Por tanto, me complace que vuestro grupo reconozca la herencia cristiana de Europa, que ofrece valiosas directrices éticas en la búsqueda de un modelo social que responda adecuadamente a las exigencias de una economía ya globalizada y a los cambios demográficos, garantizando crecimiento y empleo, protección de la familia, igualdad de oportunidades en la educación de los jóvenes y solicitud por los pobres.

Además, vuestro apoyo a la herencia cristiana puede contribuir significativamente a vencer la cultura, tan difundida en Europa, que relega a la esfera privada y subjetiva la manifestación de las propias convicciones religiosas. Las políticas elaboradas partiendo de esta base no sólo implican el rechazo del papel público del cristianismo; más generalmente, excluyen el compromiso con la tradición religiosa de Europa, que es muy clara, a pesar de las diversas confesiones, amenazando así a la democracia misma, cuya fuerza depende de los valores que promueve (cf. Evangelium vitae, 70).

Dado que esta tradición, precisamente en lo que puede llamarse su unidad polifónica, transmite valores que son fundamentales para el bien de la sociedad, la Unión europea no puede por menos de enriquecerse al comprometerse con ella. Sería un signo de inmadurez, o incluso de debilidad, optar por oponerse a ella o ignorarla, en vez de dialogar con ella. En este contexto, es preciso reconocer que cierta intransigencia secular es enemiga de la tolerancia y de una sana visión secular del Estado y de la sociedad.

Por tanto, me complace que el tratado constitucional de la Unión europea prevea una relación estructurada y continua con las comunidades religiosas, reconociendo su identidad y su contribución específica. Sobre todo, espero que la realización eficaz y correcta de esta relación empiece ahora, con la cooperación de todos los movimientos políticos, independientemente de las orientaciones de cada partido. No hay que olvidar que, cuando las Iglesias o las comunidades eclesiales intervienen en el debate público, expresando reservas o recordando ciertos principios, eso no constituye una forma de intolerancia o una interferencia, puesto que esas intervenciones sólo están destinadas a iluminar las conciencias, permitiéndoles actuar libre y responsablemente de acuerdo con las verdaderas exigencias de justicia, aunque esto pueda estar en conflicto con situaciones de poder e intereses personales.

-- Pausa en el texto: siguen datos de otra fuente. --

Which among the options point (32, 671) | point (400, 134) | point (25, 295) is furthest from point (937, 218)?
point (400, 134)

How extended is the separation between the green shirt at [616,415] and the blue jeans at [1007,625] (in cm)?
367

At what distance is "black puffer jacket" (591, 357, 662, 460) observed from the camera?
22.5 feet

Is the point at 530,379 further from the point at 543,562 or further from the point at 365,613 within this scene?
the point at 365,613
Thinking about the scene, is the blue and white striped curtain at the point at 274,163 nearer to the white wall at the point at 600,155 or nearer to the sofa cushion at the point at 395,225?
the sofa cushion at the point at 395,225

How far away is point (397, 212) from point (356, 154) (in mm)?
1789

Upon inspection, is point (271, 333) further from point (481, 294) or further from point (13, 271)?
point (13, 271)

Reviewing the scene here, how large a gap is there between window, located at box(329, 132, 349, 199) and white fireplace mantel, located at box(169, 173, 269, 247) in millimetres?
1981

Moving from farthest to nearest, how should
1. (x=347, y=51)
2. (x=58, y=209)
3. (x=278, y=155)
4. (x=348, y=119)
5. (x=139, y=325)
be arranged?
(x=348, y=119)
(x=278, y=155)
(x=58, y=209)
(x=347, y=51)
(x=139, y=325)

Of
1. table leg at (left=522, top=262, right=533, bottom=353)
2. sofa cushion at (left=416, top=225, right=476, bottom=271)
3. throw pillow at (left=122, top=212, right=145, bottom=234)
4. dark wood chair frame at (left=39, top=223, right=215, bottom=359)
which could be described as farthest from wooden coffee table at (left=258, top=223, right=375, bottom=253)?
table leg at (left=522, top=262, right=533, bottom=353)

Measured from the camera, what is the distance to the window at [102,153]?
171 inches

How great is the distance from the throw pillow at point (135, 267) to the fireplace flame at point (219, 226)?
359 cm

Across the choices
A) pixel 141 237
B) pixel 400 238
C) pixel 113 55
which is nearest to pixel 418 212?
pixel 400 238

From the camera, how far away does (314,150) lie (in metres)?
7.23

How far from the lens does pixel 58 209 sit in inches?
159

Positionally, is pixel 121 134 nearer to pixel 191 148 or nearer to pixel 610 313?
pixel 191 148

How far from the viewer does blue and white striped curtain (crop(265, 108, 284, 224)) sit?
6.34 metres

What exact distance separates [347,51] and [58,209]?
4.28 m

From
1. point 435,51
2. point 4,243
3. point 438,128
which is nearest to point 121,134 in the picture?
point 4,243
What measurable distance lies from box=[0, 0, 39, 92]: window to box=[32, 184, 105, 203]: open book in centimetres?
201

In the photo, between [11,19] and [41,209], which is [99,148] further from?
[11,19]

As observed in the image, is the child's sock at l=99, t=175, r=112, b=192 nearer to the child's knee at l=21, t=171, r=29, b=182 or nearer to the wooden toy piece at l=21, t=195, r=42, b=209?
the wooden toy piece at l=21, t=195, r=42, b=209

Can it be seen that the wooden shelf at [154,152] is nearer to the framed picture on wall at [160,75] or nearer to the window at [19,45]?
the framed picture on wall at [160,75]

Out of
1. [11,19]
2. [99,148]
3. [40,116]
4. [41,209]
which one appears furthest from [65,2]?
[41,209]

Por lo que atañe a la Iglesia católica, lo que pretende principalmente con sus intervenciones en el ámbito público es la defensa y promoción de la dignidad de la persona; por eso, presta conscientemente una atención particular a principios que no son negociables. Entre estos, hoy pueden destacarse los siguientes:

— protección de la vida en todas sus etapas, desde el momento de la concepción hasta la muerte natural;
— reconocimiento y promoción de la estructura natural de la familia, como unión entre un hombre y una mujer basada en el matrimonio, y su defensa contra los intentos de equipararla jurídicamente a formas radicalmente diferentes de unión que, en realidad, la dañan y contribuyen a su desestabilización, oscureciendo su carácter particular y su irreemplazable papel social;
— protección del derecho de los padres a educar a sus hijos.

Estos principios no son verdades de fe, aunque reciban de la fe una nueva luz y confirmación. Están inscritos en la misma naturaleza humana y, por tanto, son comunes a toda la humanidad. La acción de la Iglesia en su promoción no es, pues, de carácter confesional, sino que se dirige a todas las personas, prescindiendo de su afiliación religiosa. Al contrario, esta acción es tanto más necesaria cuanto más se niegan o tergiversan estos principios, porque eso constituye una ofensa contra la verdad de la persona humana, una grave herida causada a la justicia misma.

Queridos amigos, a la vez que os exhorto a ser testigos creíbles y consecuentes de estas verdades fundamentales a través de vuestra actividad política y, más fundamentalmente, a través de vuestro compromiso de llevar una vida auténtica y coherente, invoco sobre vosotros y sobre vuestra actividad la asistencia continua de Dios, en prenda de la cual os imparto cordialmente mi bendición a vosotros y a los que os acompañan.